Kimi kaybettiğimiz büyük bir sorudur. Yine de cevaplama çabasına değer. Ancak bu onunla değil, kendi hikayemize sadakatimizle ilgilidir.
Kaybedince bulduklarımızsa ulaşabildiğimiz parçalarımızdır. Kimi kaybettiysek biraz daha kendimizi tanırız. Acaba daha kaç yitim gerekiyor gerçek beni bulmaya?
Özümüzle tanışmamızın bedeli kayıplarda yaşadığımız hesaplaşmalardır. Peki, son nefesimize kadar bir kaybeden olacağımız gerçeği? Bir insanı, bir anıyı, bir değeri, bir hayali, bir şehri, bir eşyayı veya umudu… Eskizlerimiz mi bu devam eden, yoksa bu her yitirişteki her bir anımız aslında tamamlanmış bir sanat eseri mi? Tam olduğumuza ne zaman karar veririz?
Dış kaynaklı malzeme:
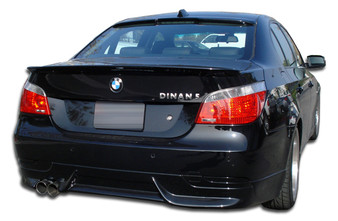 2004-2007 BMW 5 Series E60 4DR Duraflex AC-S Rear Lip Under Spoiler Air Dam - 1 Piece (S)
Kaybetmek hem biyolojik hem de felsefi bir sorundur. Biyolojik yanıtımız, bir zamanlar hayatta kalmak için bir bakıcıya muhtaç olma özelliğimizdendir. Sesimizi duyurabilmek için ağlarız ve çırpınırız. Çünkü bebeklik döneminde yaşamak fark edilmemize ve muhtaçlığımızı gören bir merhamete bağlıydı. Aynı bir erişkin olduğumuzda bile gidene kendi ihtiyaçlarımızı bildirebilmek adına bebeklik dönemine gerilediğimiz anlardaki gibi. Bu çırpınışların bedendeki karşılığı, bizi harekete geçirmek ve kurtuluş aramamızı sağlayacak olan nefes darlığı, çarpıntılar, titremeler, yerinde duramamalar gibi belirtilerle olur. Bu kısım görece daha kolay atlatılır. Kaygı nöbetleri dediğimiz bu anların bize kalıcı zarar vermeyeceğini bilmemiz nispeten yeterlidir. Ancak esas sorular ve felsefi derinlikler can yakıcı bir uğraş gerektirir. Neden öncesinde verdiğimiz yanıtlar işe yaramaz? Çünkü her kayıp biriciktir.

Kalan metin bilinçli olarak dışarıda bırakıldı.